## Record excerpts
■ ■ ■ ■ ■

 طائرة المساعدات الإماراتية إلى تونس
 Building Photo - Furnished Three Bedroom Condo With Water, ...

■ ■ ■ ■ ■

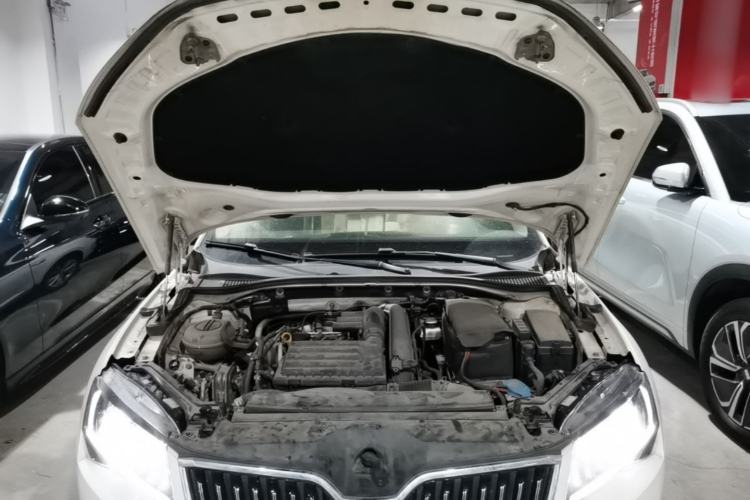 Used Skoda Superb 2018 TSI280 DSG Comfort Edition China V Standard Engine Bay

■ ■ ■ ■ ■

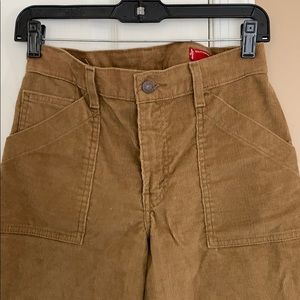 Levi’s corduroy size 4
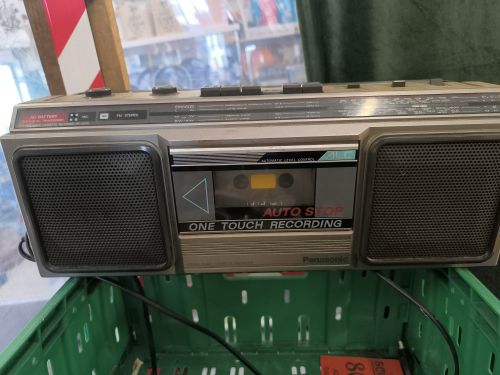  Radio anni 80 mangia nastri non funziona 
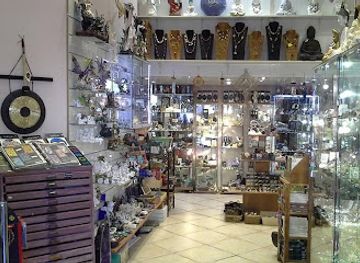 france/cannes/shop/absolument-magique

■ ■ ■ ■ ■

## Task to complete
Copy out only the lines above from the one with "طائرة المساعدات الإماراتية إلى تونس" to the one with "Building Photo - Furnished", inclusive, exactly as they stand.

## Solution for this task
 طائرة المساعدات الإماراتية إلى تونس
 Building Photo - Furnished Three Bedroom Condo With Water, ...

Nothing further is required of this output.